Accepted file format: jar, model, Python Whl, or delimited, potentially containing JSON, Parquet, or Avro data.
Accepted data format: Delimited, Apache logs, and, Hive text.
Accepted connection type: Ftp, Gcs, Sftp, S3, Network, Hdfs, and, Azure Storage.
Whether you have a file of type delimited, Apache logs or hive text, the configurable fields almost remain same except few. This article explains each feature considering the example of a Delimited file. For understanding Apache logs and its related fields, please refer article on Apache Logs.
Prerequisites
It requires at least 1 Connection(s) of type Ftp, Gcs, Sftp, S3, Network, Hdfs, or Azure Storage as input.
First, a source connection of the desired type should be available on the Connection screen. Please refer to this article to learn more about creating a new connection.

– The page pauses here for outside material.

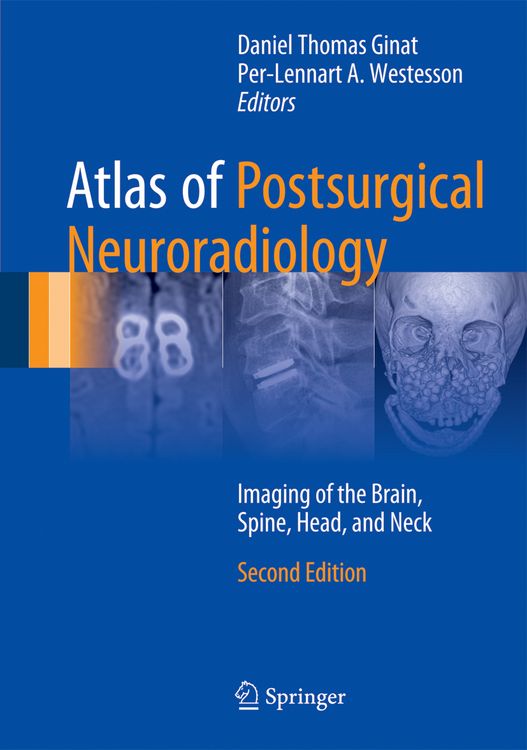 Produktbild: Atlas of Postsurgical Neuroradiology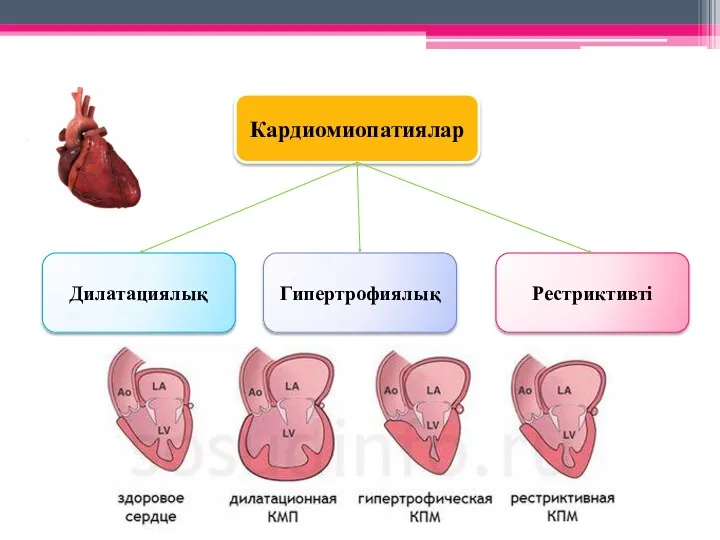 Кардиомиопатиялар Дилатациялық Рестриктивті Гипертрофиялық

Next, drag the same connection type onto the app workflow canvas, map it to the created connection, and then finally, interlink the connection with the From File process to initiate the data flow.
Process Configuration
The process configuration is essential for fetching the correct source files to be processed by the 'from file' processor. It allows users to edit the process display name, define the format of the event data, and specify data partitioning and date extraction types. By handling exactly how the data is fetched and determining the output format, the process configuration ensures precise and efficient data processing. Additionally, it sets the necessary parameters to guide the processing workflow. There are four screens in process configuration:
-
General
This section enables users to assign a personalized name to the From File process. -
The Input screen is where you define the source file and configure its type (e.g., CSV, Apache log). It is crucial for selecting the file path, ensuring the right format is specified, and adjusting any necessary file-specific settings, such as delimiters or encoding. This step prepares the incoming data for processing.
-
The Schema screen is used to define the structure of the data being ingested. Here, users map the fields from the input file to a schema that will be used to interpret and store the data. This screen allows for customization of field types, ensuring proper data interpretation and consistency across the workflow.
-
The Output screen allows you to configure where the processed data will be stored. You can specify the destination, such as cloud storage (e.g., BigQuery, Redshift) or on-premise solutions. Additionally, this screen offers options for naming the output tables, applying compression, and selecting the appropriate data loading method based on the environment (cloud or on-prem).